--- Given data ---
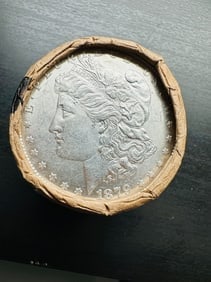 BU $20 Morgan Silver Dollar Roll 1879 & CC Ends: An original Brilliant Uncirculated (BU) sealed roll of Morgan Silver Dollars, featuring an 1879 coin on one end and a Carson City (CC) Mint coin on the opposite end. The roll remains sealed, with only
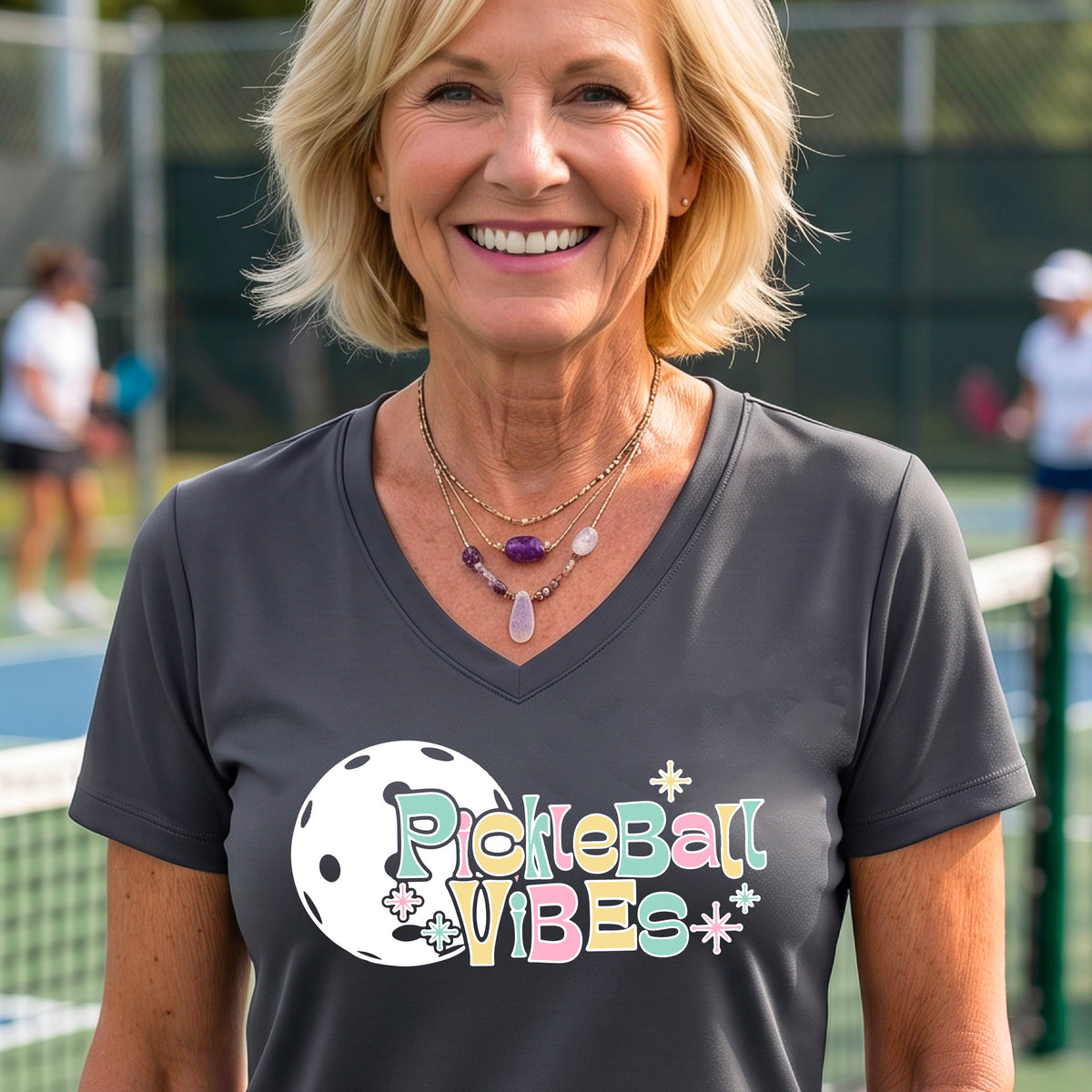 A close-up of a woman on a pickleball wearing a gray short-sleeve t-shirt, with a colorful retro style font 'Pickleball Vibes' on top of a white pickleball graphic, on the front of the shirt.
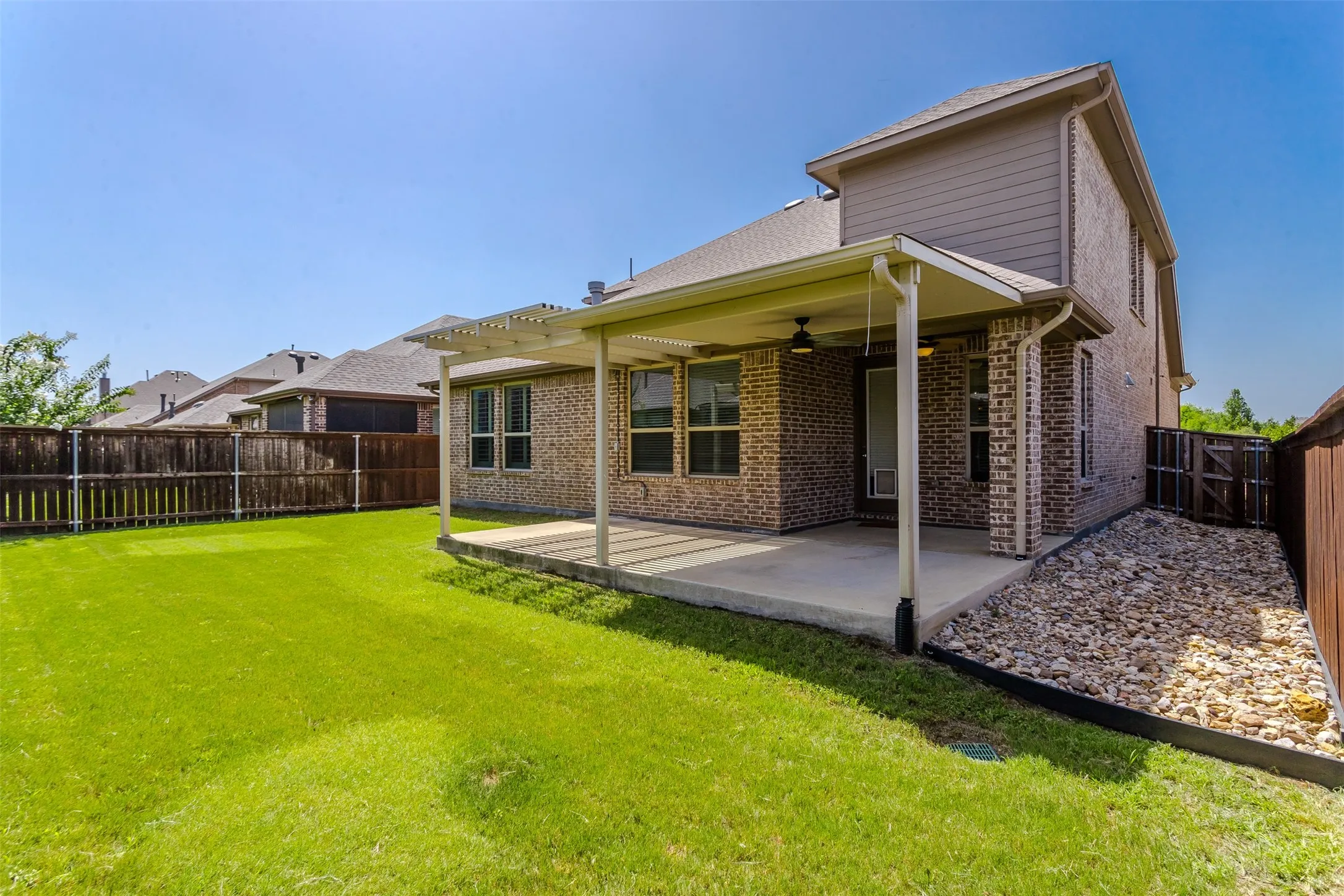 Expansive backyard featuring a covered patio with a ceiling fan, a lush green lawn, a wooden privacy fence, and a rock-filled drainage area along the side of the home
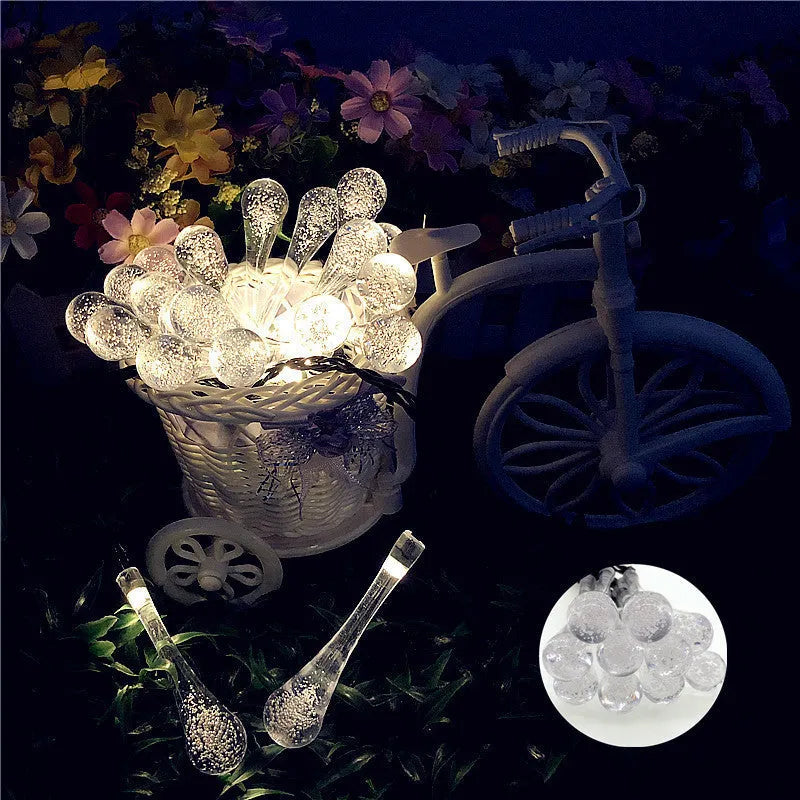 6.5 metre solar LED string lights with bubble drops pendants decorating an outdoor fence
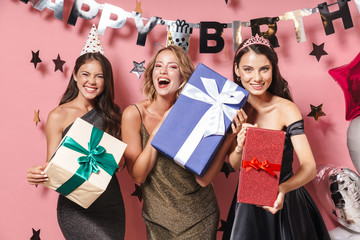 Image of joyful party girls in fancy dresses holding birthday gift boxes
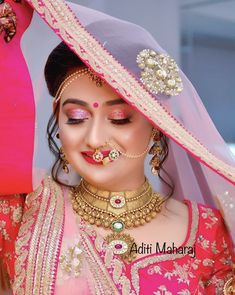 a woman wearing a pink and gold bridal outfit, with jewelry on her face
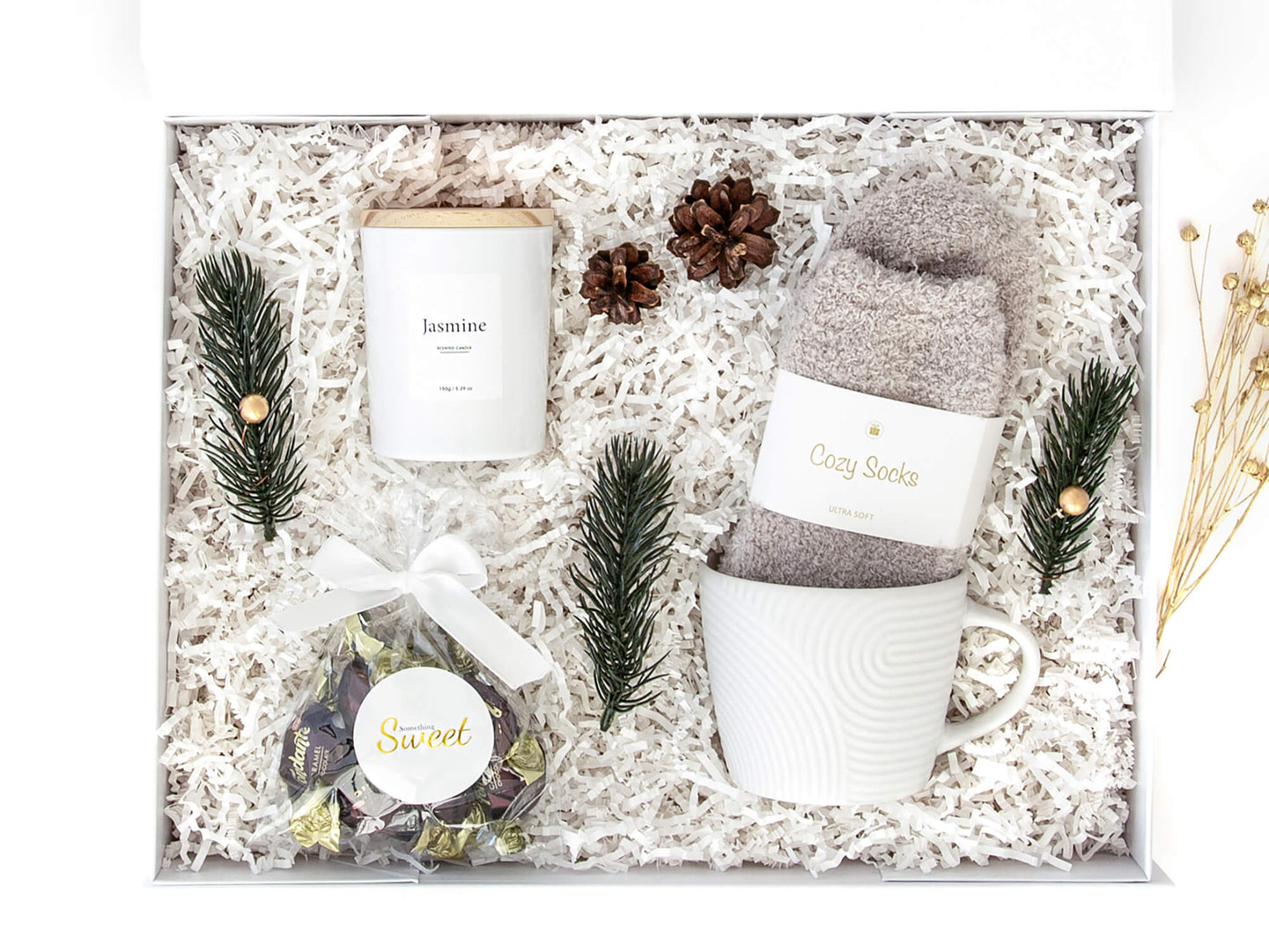 Hvit gaveeske med sokker, sjokolader, duftlys og en hvit kopp. Dekorert med juledekor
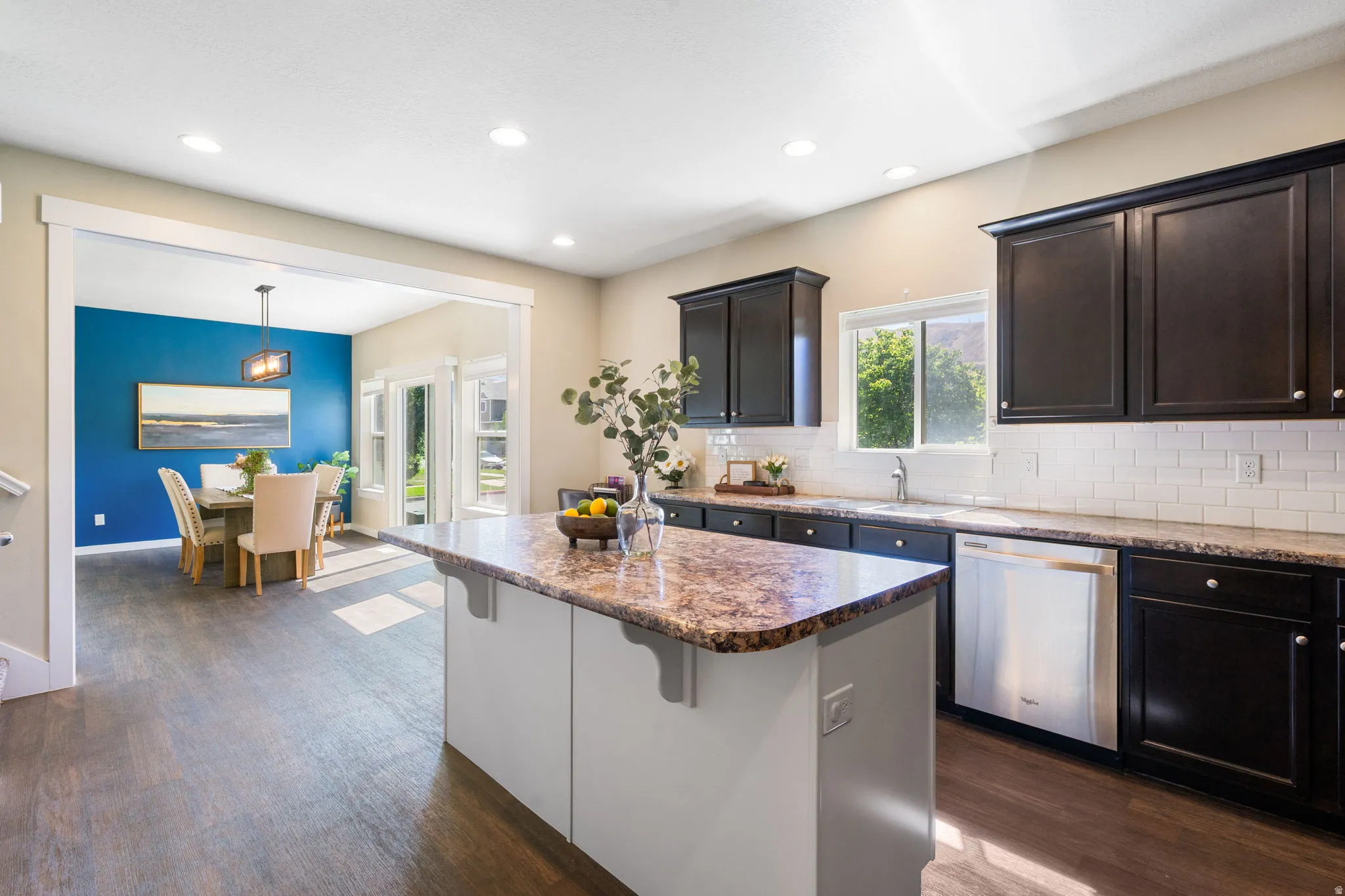 Kitchen featuring dark wood-finish cabinetry, a patterned countertop, and a white subway tile backsplash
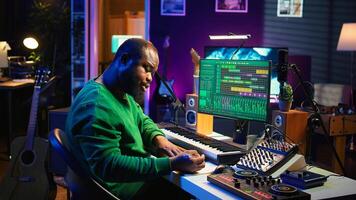 Talented artist composing new lyrics for his tracks and recording music with audio devices in his home studio. Singer composer writes melodic material by taking notes and creating rhymes or songs. Camera B. photo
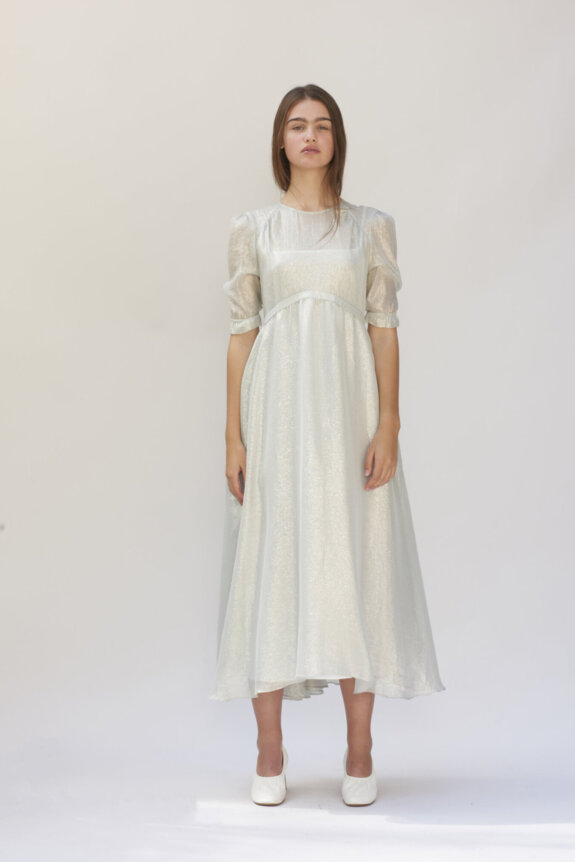 A woman wearing a shimmery long dress with puffed sleeves and white shoes.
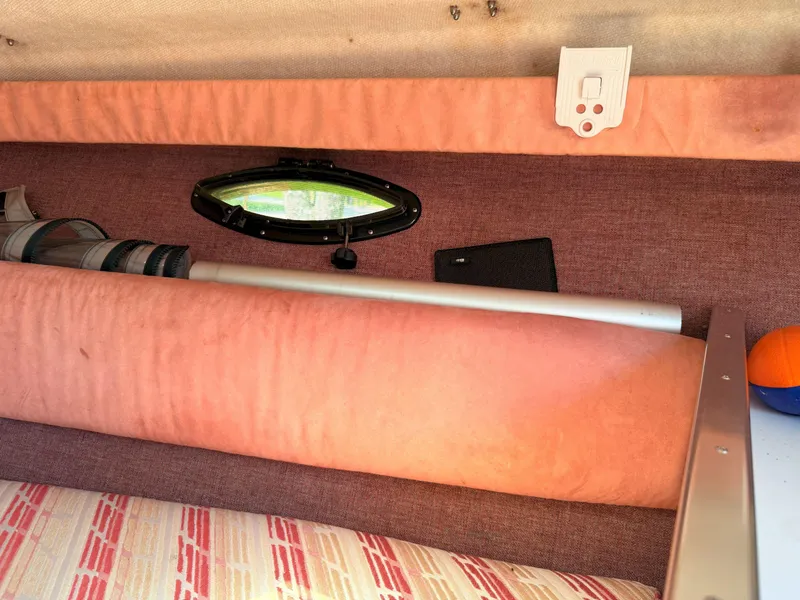 Slide: The Image of Interior cabin of 1988 Slickcraft 268 SC boat with porthole and storage. - 38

--- Work item ---
Starting with the line above that holds "a woman wearing a pink", restate each line word for word up to and including the line that holds "Kitchen featuring dark". Drop the pictures.

--- Expected output ---
 a woman wearing a pink and gold bridal outfit, with jewelry on her face
 Hvit gaveeske med sokker, sjokolader, duftlys og en hvit kopp. Dekorert med juledekor
 Kitchen featuring dark wood-finish cabinetry, a patterned countertop, and a white subway tile backsplash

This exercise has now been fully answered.